My first response to the Viewpoint piece by Mathew Wilson in last week’s Peak [“BC coalition raises questions,” June 14] was what is the motive? It appears to be another timeworn, partisan game.
Once Christy Clark convenes the legislature and loses the confidence of the house, the BC Green Party will remain a distinct party in opposition with the ability to vote independently, with the exception of the negotiated items (many of which were directly from the BC Green Party platform) noted in the agreement with the BC New Democratic Party.
Results of this election set the table for politics to be done in a different, more democratic manner with more cooperation across party lines than we have seen in more than 65 years. All three parties acknowledged the voters of BC made it abundantly clear that this is what they desire of their elected officials.
This means BC Green Party MLAs can introduce their own unique legislation and support, or not, BC Liberal bills and/or BC NDP bills on an issue-by-issue basis in an un-whipped manner.
To put things into perspective, the agreement to support the BC NDP in supply and confidence motions generally amounts to two votes per year: the speech from the throne and a supply motion.
Each and every elected MLA can either embrace this new, more democratic way of negotiating bills or they can willfully sabotage the process. I hope they choose the former.

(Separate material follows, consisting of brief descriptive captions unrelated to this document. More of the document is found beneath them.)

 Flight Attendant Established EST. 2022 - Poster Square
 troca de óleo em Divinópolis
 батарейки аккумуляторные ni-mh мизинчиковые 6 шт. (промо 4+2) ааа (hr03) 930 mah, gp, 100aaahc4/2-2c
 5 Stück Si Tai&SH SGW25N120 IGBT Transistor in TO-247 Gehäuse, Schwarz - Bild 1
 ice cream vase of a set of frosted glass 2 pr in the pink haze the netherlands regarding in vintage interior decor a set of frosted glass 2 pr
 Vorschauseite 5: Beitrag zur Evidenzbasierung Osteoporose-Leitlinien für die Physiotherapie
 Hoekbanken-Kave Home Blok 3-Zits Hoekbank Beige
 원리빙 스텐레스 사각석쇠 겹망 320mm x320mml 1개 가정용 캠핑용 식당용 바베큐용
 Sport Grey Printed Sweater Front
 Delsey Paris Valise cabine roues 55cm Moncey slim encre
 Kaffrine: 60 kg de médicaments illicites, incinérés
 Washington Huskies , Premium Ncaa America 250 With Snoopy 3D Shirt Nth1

During the recent election it was clear that people in our riding are tired of political mudslinging. They want elected officials and want-to-be elected officials to concentrate on finding solutions to issues affecting our riding, province and country.
Seeing there was no abandonment of principals, as Wilson fabricated, I won’t hold you in suspense: I still plan to run for the BC Greens again in the next election.
Kim Darwin is a Sechelt resident who ran in the provincial election as a BC Green Party candidate in the Powell River-Sunshine Coast riding.